Sono già passati ottant’anni dal 1944 e il numero dei testimoni di allora ancora viventi si è molto ridotto. Ma non viene meno, in diocesi e in provincia, il ricordo affettuoso dei tanti preti che, in quell’anno terribile, furono oggetto di persecuzioni, di torture, di deportazioni per la sola colpa di essere rimasti con coraggio dalla parte della loro gente e di non aver ceduto ai ricatti.
L’episodio più grave fu il “martirio eroico” (così lo definì il vescovo di allora Giuseppe Stella nelle sue memorie) di don Emanuele Toso, il parroco di Lavaggiorosso fucilato davanti alla sua chiesa dai militari della repubblica fascista. Il 12 agosto ricorrono gli ottant’anni di quel tragico evento, e alle 10, a Lavaggiorosso – ideale “luogo della memoria” – salirà il vescovo Luigi Ernesto Palletti per celebrare la Messa. Seguiranno, nel piazzale della chiesa, il ricordo di quel tragico evento e, infine, la visita alla tomba, nel piccolo cimitero che sovrasta la frazione montana del comune di Levanto.
Don Toso venne fucilato, senza alcuna prova né processo degno di questo nome, dai “repubblichini” della Monterosa, appena dislocati in Liguria dopo un periodo di addestramento in Germania. Lo avevano considerato una spia degli alleati, che secondo i timori di Hitler progettavano uno sbarco in Liguria, sbarco che invece non avvenne mai. Il vescovo Stella lo ricorda, nelle memorie, come un sacerdote “mite, incapace di fare alcun male, ingenuo”, ma tutto questo non riuscì a salvarlo dalla furia omicida di quei soldati.

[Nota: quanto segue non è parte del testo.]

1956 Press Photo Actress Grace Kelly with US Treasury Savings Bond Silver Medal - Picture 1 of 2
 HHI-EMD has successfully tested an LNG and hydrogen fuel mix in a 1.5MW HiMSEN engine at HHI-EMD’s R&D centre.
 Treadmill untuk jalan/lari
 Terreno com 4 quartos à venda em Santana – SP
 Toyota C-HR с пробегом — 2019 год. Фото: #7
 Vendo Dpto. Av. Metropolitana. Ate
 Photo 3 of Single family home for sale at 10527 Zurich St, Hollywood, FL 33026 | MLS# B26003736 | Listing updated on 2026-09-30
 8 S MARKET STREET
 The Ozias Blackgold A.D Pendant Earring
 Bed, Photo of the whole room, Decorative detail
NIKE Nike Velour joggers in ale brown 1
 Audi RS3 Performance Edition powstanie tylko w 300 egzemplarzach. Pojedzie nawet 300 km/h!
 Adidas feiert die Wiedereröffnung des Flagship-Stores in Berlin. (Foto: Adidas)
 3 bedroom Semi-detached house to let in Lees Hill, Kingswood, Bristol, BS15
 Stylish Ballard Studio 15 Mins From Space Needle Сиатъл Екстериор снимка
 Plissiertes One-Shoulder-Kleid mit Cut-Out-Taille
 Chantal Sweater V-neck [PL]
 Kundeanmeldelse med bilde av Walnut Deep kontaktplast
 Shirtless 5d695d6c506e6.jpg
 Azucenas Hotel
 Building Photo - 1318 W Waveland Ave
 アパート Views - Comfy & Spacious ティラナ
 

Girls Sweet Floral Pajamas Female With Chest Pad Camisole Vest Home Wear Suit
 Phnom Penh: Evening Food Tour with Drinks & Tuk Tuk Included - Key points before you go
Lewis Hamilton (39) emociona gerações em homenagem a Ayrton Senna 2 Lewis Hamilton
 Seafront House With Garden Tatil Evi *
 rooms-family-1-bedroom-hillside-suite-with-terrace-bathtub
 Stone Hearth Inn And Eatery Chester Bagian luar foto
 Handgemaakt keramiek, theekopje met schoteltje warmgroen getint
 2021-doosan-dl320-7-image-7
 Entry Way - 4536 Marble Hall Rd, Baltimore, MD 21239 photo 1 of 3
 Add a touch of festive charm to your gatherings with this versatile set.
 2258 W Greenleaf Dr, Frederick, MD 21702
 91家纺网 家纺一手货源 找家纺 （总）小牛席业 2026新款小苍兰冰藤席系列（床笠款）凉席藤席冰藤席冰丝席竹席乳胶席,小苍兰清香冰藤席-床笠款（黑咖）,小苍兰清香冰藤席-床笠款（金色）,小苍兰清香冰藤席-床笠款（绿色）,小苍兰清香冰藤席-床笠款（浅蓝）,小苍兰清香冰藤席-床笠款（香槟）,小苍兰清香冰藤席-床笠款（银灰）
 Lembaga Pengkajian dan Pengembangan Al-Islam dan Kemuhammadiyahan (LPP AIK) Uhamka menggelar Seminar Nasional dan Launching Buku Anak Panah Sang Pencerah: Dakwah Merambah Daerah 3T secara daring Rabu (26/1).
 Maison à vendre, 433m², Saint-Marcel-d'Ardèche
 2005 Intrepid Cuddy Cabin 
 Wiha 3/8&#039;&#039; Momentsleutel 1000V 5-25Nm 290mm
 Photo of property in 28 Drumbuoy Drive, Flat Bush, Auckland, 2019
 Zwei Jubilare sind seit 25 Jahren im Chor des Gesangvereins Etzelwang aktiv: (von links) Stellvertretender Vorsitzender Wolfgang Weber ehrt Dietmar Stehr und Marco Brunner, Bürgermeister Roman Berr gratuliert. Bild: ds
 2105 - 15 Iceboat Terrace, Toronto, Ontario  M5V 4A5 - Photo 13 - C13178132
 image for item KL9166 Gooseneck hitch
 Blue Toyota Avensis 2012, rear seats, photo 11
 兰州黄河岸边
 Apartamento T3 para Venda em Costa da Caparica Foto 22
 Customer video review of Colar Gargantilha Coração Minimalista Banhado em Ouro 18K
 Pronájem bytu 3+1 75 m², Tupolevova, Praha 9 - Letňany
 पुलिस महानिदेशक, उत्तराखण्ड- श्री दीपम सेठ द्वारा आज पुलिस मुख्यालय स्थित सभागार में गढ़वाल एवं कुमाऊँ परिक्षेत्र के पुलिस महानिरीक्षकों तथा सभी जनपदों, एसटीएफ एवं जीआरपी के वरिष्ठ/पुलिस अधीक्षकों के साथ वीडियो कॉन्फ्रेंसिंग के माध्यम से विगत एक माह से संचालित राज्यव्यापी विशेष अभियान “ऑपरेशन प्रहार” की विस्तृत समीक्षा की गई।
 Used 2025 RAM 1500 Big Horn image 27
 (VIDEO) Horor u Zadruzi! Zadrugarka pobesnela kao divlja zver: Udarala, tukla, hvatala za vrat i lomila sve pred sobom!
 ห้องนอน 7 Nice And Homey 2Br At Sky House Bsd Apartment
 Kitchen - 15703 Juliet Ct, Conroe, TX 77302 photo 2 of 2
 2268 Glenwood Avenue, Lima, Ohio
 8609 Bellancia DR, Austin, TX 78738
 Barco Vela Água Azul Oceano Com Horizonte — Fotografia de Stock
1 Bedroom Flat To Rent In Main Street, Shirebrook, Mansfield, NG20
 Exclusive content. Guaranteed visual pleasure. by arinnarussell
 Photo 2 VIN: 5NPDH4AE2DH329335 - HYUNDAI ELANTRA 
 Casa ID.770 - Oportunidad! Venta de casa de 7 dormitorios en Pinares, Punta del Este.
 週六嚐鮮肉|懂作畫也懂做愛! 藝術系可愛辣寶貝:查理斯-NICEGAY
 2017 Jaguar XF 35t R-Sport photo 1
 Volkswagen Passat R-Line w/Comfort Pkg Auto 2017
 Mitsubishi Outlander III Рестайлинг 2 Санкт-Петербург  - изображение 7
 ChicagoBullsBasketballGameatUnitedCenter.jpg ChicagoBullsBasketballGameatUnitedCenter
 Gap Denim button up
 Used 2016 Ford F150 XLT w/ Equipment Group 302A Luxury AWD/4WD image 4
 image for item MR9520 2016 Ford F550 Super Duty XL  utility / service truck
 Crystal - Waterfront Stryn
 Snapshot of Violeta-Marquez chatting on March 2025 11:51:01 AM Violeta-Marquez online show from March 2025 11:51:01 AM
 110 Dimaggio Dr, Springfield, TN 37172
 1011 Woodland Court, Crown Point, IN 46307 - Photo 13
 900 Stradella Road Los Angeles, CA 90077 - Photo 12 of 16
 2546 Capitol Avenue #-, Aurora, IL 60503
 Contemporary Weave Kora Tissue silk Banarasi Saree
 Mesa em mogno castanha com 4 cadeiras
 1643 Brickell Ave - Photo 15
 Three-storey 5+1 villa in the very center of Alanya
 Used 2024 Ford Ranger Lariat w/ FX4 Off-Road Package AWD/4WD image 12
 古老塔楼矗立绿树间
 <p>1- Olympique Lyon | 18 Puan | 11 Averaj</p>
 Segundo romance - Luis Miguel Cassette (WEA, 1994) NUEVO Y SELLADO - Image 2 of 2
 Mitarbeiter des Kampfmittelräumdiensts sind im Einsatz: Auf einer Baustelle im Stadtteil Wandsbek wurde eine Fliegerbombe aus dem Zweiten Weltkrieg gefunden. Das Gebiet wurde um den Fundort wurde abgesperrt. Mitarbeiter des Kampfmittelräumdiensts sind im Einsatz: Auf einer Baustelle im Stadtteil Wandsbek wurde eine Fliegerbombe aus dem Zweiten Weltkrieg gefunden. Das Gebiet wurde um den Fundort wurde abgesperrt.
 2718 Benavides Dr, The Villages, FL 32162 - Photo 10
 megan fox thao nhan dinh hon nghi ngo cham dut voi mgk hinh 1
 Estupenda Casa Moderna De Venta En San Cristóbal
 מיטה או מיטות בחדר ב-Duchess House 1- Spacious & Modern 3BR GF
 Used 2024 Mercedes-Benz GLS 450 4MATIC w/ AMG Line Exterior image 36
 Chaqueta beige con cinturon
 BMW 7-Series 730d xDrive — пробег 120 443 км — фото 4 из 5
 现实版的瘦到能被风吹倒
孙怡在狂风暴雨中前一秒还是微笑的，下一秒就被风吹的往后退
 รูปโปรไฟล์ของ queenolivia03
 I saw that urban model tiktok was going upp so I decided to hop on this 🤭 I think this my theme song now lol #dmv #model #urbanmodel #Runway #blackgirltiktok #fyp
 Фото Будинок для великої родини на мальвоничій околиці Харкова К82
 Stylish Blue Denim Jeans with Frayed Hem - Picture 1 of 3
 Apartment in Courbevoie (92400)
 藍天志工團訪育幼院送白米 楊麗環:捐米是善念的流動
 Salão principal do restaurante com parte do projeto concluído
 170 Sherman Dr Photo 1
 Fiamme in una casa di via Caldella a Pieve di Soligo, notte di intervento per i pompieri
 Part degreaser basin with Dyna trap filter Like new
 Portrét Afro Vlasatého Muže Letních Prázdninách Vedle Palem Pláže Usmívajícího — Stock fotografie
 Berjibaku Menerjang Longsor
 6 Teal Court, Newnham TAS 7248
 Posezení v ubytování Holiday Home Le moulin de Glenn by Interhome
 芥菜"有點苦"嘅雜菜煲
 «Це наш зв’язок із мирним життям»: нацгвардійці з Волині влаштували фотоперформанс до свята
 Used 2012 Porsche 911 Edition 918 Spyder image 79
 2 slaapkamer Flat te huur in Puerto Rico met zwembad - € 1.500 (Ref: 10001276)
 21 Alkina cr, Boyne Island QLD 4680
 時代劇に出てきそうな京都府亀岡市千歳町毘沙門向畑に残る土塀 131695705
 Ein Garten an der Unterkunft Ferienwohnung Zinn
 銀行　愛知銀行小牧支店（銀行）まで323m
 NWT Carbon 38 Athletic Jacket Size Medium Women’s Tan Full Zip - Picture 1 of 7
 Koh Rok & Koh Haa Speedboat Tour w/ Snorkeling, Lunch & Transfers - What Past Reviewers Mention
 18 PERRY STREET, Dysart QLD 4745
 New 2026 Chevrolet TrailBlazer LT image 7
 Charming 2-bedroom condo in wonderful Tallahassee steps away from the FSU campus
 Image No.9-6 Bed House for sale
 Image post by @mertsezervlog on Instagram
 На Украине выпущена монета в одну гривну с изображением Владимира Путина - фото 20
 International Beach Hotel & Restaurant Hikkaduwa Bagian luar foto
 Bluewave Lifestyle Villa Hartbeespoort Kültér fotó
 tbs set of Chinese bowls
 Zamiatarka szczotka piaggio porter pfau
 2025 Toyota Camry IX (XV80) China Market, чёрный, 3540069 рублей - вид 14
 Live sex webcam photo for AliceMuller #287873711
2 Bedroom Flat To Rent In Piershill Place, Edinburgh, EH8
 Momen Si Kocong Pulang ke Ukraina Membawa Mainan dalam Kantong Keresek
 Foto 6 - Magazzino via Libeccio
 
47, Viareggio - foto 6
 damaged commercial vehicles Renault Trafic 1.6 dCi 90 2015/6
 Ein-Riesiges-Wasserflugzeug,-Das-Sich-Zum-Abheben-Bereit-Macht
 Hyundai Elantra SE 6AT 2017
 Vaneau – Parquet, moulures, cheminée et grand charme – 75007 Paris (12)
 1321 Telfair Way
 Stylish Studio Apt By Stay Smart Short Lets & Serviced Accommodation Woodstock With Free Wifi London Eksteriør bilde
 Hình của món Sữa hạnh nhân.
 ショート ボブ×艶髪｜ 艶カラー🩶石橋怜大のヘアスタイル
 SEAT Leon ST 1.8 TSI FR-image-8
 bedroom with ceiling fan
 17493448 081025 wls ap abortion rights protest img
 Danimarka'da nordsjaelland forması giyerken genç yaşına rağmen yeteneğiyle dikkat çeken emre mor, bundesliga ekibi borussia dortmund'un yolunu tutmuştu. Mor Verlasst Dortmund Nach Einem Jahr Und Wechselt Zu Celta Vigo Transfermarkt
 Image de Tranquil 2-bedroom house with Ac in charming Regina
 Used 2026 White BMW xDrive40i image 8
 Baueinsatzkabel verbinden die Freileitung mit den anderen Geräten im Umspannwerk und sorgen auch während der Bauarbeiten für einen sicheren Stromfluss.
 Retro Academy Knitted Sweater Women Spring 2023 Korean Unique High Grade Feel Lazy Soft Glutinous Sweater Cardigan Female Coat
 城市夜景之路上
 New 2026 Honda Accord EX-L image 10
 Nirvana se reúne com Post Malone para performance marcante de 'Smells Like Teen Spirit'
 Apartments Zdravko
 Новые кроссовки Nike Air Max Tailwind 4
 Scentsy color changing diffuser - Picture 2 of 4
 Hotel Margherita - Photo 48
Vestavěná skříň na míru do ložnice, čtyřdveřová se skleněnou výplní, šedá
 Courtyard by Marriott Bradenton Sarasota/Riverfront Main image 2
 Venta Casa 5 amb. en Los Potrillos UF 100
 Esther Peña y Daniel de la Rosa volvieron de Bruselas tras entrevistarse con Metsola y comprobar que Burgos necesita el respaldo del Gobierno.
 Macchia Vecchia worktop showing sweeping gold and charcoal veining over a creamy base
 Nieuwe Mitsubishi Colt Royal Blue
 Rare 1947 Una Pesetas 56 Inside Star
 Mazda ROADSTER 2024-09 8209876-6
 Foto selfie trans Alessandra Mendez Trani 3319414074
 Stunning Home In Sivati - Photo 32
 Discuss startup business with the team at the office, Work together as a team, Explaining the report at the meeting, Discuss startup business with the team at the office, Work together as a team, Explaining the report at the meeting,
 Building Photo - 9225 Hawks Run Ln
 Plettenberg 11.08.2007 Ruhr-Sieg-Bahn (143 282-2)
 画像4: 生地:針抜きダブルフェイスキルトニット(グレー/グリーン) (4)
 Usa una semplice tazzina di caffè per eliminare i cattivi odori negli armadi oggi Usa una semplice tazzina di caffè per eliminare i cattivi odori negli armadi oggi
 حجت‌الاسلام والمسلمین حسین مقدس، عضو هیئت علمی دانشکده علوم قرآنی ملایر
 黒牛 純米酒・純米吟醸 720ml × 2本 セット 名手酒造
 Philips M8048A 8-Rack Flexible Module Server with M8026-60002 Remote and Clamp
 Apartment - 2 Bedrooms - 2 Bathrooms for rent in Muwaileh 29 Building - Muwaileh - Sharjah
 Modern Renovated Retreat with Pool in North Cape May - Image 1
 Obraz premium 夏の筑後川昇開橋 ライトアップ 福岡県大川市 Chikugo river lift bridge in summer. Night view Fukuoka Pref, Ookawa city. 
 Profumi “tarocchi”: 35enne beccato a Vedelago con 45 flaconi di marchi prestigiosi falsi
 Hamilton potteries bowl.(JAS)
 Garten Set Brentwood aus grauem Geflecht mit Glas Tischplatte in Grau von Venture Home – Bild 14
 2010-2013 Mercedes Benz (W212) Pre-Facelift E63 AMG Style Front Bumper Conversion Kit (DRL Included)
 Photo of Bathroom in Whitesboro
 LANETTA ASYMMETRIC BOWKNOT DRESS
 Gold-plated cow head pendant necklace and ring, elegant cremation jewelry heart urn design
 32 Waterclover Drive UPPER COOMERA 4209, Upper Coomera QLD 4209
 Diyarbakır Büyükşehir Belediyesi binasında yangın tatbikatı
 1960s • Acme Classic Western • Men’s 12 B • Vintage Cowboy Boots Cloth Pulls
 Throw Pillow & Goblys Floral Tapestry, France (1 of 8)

L’intero 1944 fu un anno di oltraggi e persecuzioni nei confronti della chiesa locale e dei sacerdoti, molti dei quali arrestati: sette in un solo giorno, il 21 novembre, poi trasferiti a Genova e torturati prima di essere rimessi in libertà poco prima della Liberazione grazie al deciso intervento dell’arcivescovo Boetto. Il sacrificio di don Toso è il simbolo ideale di tutto questo.